The screen shot shows the magento product upload page.
The left nav allows you to switch to different options for the product. Basically each option in the left nav appears as a different page. However when you save and close, it will save all the updates made on each page.
Using Foundation4, html, css, js – what would be the best approach to replicating something similar? Say I want 3 pages and one save button option.
Using http://foundation.zurb.com/docs/components/section.html#panel2 and having the save buttons the top line form level seems a possible option.
4
Perhaps you should re-think your design. Instead of displaying options on a separate page, display them within a div. And if you need to display more info than the div has room for, display it in a floating hidden div that you fill, show and hide when appropriate. That way everything remains on one page.
I can think of umpteen relatives who would be confused with tabs. When purchasing something they tend to assume:
1) there is only 1 submit/save button;
and 2) a running total is being displayed in the right hand column.

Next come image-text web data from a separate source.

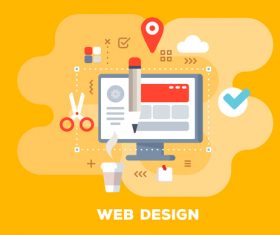 Web design business flat template vector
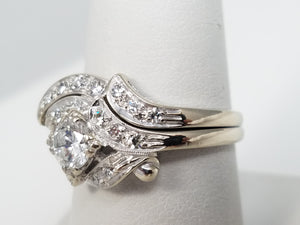 Elegant 1950's Vintage 14k White Gold Natural Diamond Engagement Ring Set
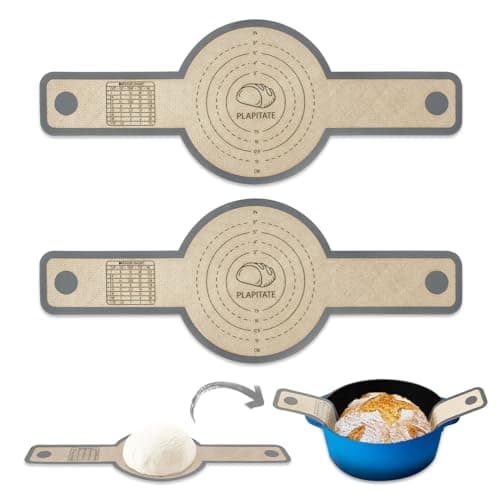 PLAPITATE Silicone Bread Sling for Dutch Oven Liners Non Stick 2 PCS Easy Clean Reusable Silicone Bread Baking Mat with Long Handles Easy to Transfer Sourdough Bread Round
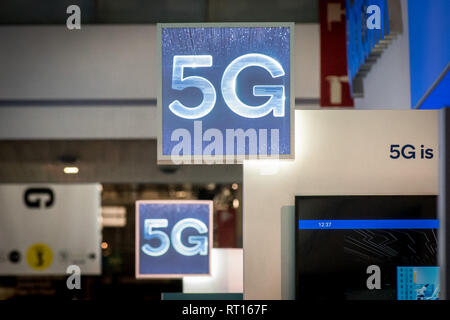 Barcelona, Spain. 26th Feb 2019. February 26, 2019 - Barcelona, Catalonia, Spain -  5G signs during the  GSMA Mobile World Congress 2019 in Barcelona, the world's most important event on mobile devices communications bringing together the leading companies and the latest developments in the sector. Credit:  Jordi Boixareu/Alamy Live News Stock Photo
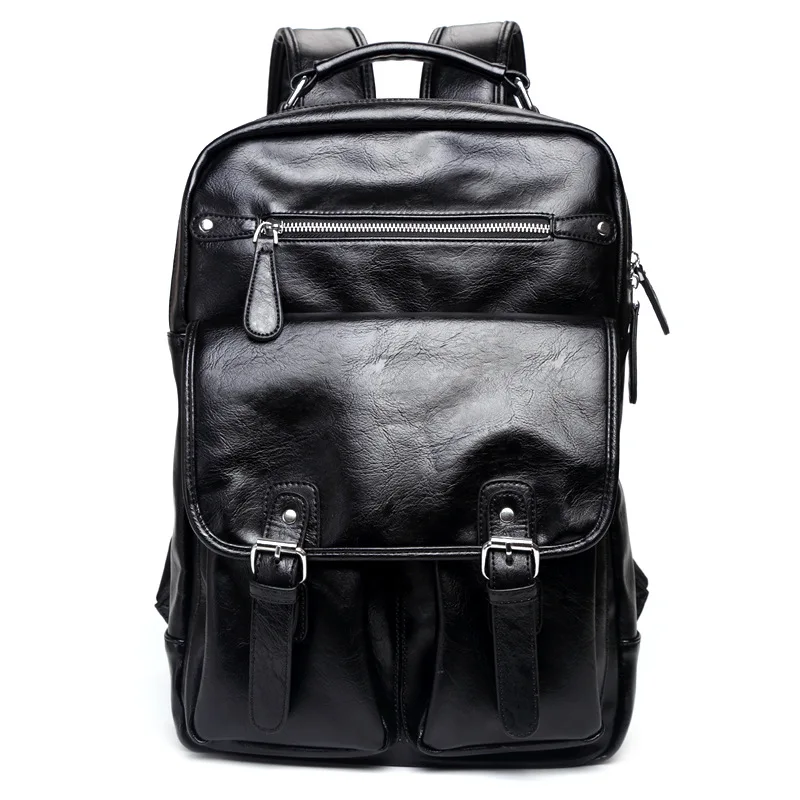 

New Solid Color Large Capacity PU Backpack Business Casual Men's Backpack Fashion Student All Match Bag Commuter OL Computer Bag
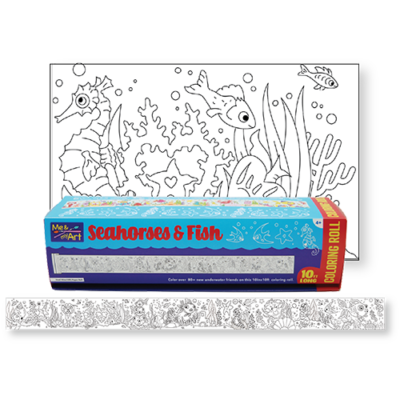 Seahorses & Fish Coloring Roll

As mentioned by @codingstill, Tabs will do. But from the users perspective its not a good design.
It depends on the user. If a user doesn’t have much experience with the web then he/she might not know that the form will be saved even if you move to different tabs. or they might click save everytime before moving between tabs.
I just had an idea I used once in an example project for a class. It’s sort of a workaround, but with proper organisation it could even be called good code.
Basically, you would set up a JavaScript object at the start of your page containing all the settings. You would then build your tabs’ content in separate pages. Each page will contain both the controls and text you need in each tab and a script that sets the object’s respective attributes on change.
On the main page, bind AJAX calls to each tab that load the chosen tab’s content and destroy the previously loaded content.
It’s not tested software, just a possible solution that came to mind. I’ve done something similar regarding changing variables set by one page in a script that has been AJAX loaded. Just make sure the event listener for change is bound to all inputs after every AJAX request and it should work fine.
Upon submitting (saving), make the last AJAX call sending the mentioned object via POST. jQuery offers a wonderful shortcut for it.